Chinese authorities are currently finalizing a new five-year plan that will set the immediate goals for the transition from coal. They are also considering climate goals for 2050, including a deadline for becoming carbon neutral, the Reuters agency said.
As part of the 2015 Paris climate agreement, countries are encouraged to step up their commitments to fight climate change. According to current commitments, China's total greenhouse gas emissions are expected to peak 'around 2030', but the EU has asked Beijing to postpone that date to 2025.

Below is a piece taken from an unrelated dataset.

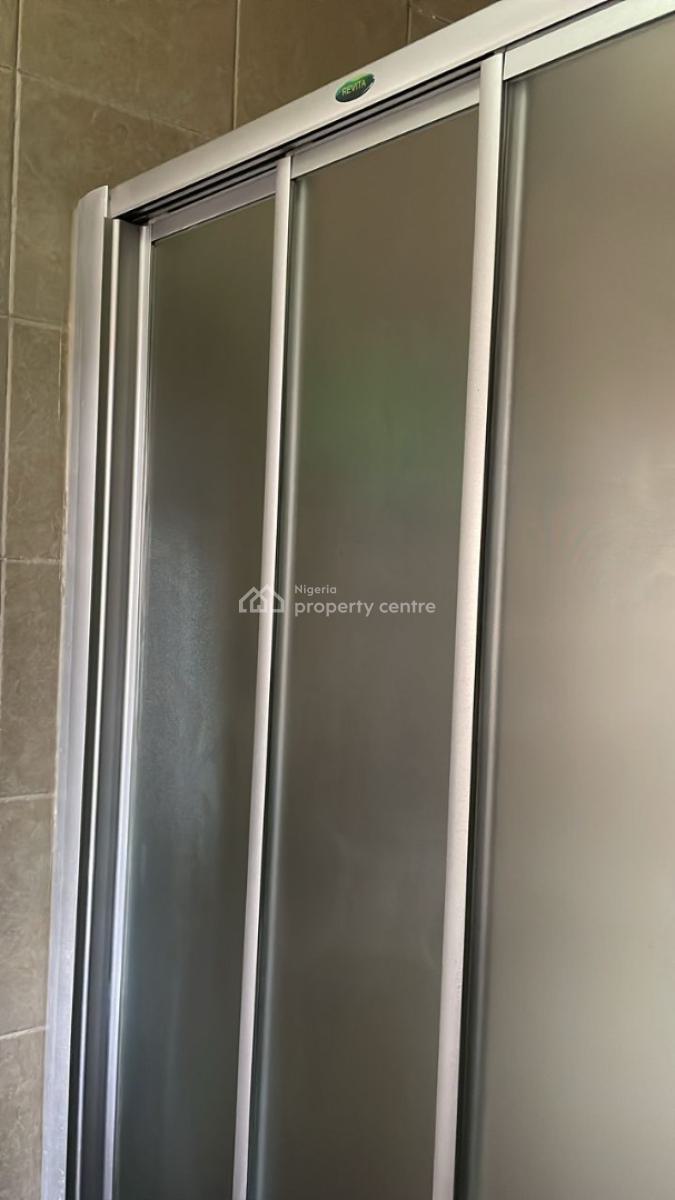 3 Bedrooms Apartment with Bq, Lekki Phase 1, Lekki, Lagos, Flat / Apartment for Sale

China has not disclosed details of its 2021-2025 climate goals. Activists, however, expressed concerns that Beijing might withdraw from its commitments. Chinese authorities are now approving more coal-fired power plant projects to revive an economy hit by the Covid-19 pandemic and tensions in trade relations with the US.
Xie stressed that China's coal consumption, which is contributing to global warming and air pollution, stabilized in 2013 and is unlikely to continue to grow. In its five-year plan, he assured China will set out firm measures to reduce coal consumption and control the production of electricity from coal.